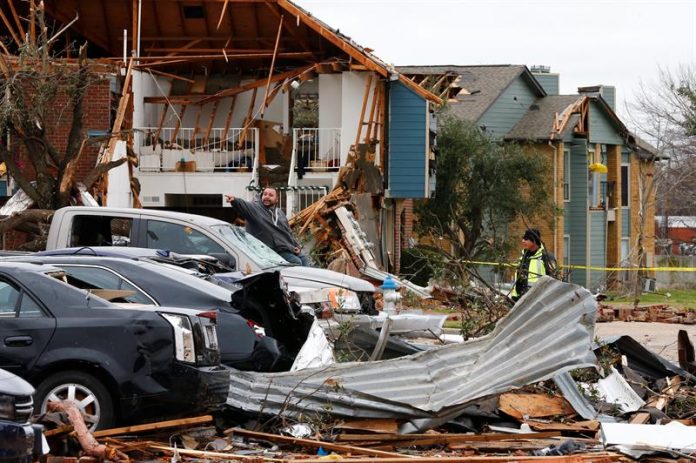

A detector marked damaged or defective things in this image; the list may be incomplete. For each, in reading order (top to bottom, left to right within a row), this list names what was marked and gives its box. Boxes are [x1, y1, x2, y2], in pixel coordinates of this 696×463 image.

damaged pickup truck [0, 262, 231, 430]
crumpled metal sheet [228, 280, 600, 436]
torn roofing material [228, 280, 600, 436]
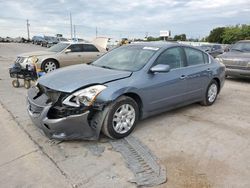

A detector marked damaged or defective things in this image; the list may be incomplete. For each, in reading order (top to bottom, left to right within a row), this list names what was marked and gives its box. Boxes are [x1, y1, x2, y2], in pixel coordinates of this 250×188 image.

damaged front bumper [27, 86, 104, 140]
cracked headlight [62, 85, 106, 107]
================
■ **TASK DESCRIPTION**: Strip out the pictures and reproduce the remaining material above exactly.

■ **YOUR RESPONSE**:
A detector marked damaged or defective things in this image; the list may be incomplete. For each, in reading order (top to bottom, left to right within a row), this list names what was marked and gives its box. Boxes are [x1, y1, x2, y2], in pixel coordinates of this 696×463 image.

damaged pickup truck [0, 262, 231, 430]
crumpled metal sheet [228, 280, 600, 436]
torn roofing material [228, 280, 600, 436]

A detector marked damaged or defective things in this image; the list may be incomplete. For each, in reading order (top to bottom, left to right within a row), this list names what was marked and gives its box. Boxes are [x1, y1, x2, y2], in pixel coordinates of this 250×188 image.

damaged front bumper [27, 86, 104, 140]
cracked headlight [62, 85, 106, 107]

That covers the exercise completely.